After years of pushing for the issue, the House gave the final go-ahead to allow for online voter registration, but there’s a catch. The House added a provision to make sure voters can’t register online until next year – something Husted was against.
“There are absolutely no good reasons why it should be delayed till 2017 from an administrative point of view, that’s a policy decision that they’re making not one based on implementation.”
Husted says the online tool to do this is ready to go right now and he just needs the legal authority to start it up.
The delay in implementing the law irked House Democrats such as Representative Kathleen Clyde of Kent, who’s made elections issues a main priority.

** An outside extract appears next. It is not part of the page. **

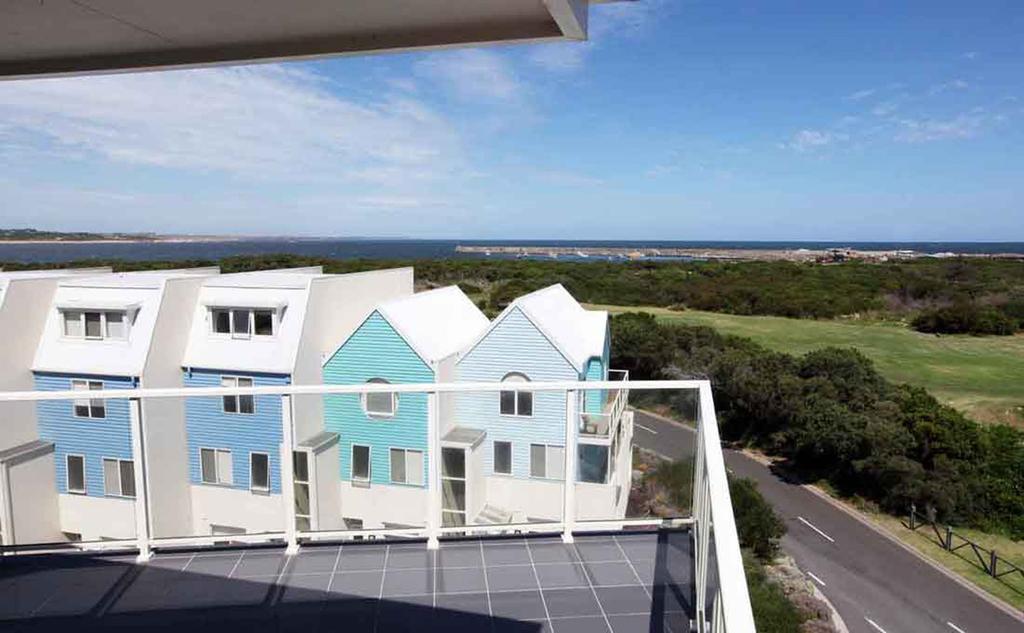 Lady Bay Resort Warrnambool Zewnętrze zdjęcie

Clyde also voiced concerns about the way the online tool will work. To register people need to have a signature on file. Husted’s online platform will use the signature from a driver’s license or a state ID card.
However, Clyde says this hurts what could be as many as 300,000 people who don’t have either of those cards.
“Those happen often to be low-income voters, minority voters, young voters and seniors. So we want to think about how we can improve the system in the future and include those voters and allow their access to online voter registration,” said Clyde.
Clyde wants to take the issue one step further and require automatic voter registration — which has passed in four states and is under discussion in two dozen others.
“Automatic voter registration would be an opt out system rather than an opt in system. You would be automatically registered to vote when you visit a DMV, or access your veteran’s benefits, or graduate from high school and it is the wave of the future,” Clyde said.
The measure passed overwhelmingly, but Democratic Representative Teresa Fedor of Toledo voted against it, making the claim that Republicans keep passing elections laws that benefit their own party.
Republican Senator Frank LaRose, who sponsored the legislation, has played a role in several elections-related bills that has passed the General Assembly recently. He disputes Fedor’s claims.
“I think it’s an unfortunate line of attack that people like to engage in,” said LaRose. “I think that what we should be talking about is that in Ohio it’s easier to vote than most other states we have 28 days of early voting. You can vote by mail, you can stop by the county board of elections and casting your early ballot and of course we have Election Day.”
Husted says another issue he’d like to work on is the ability for voters to request an absentee ballot online instead of needing to mail-in a form. But he and others have said that actually casting ballots online isn’t even close to happening.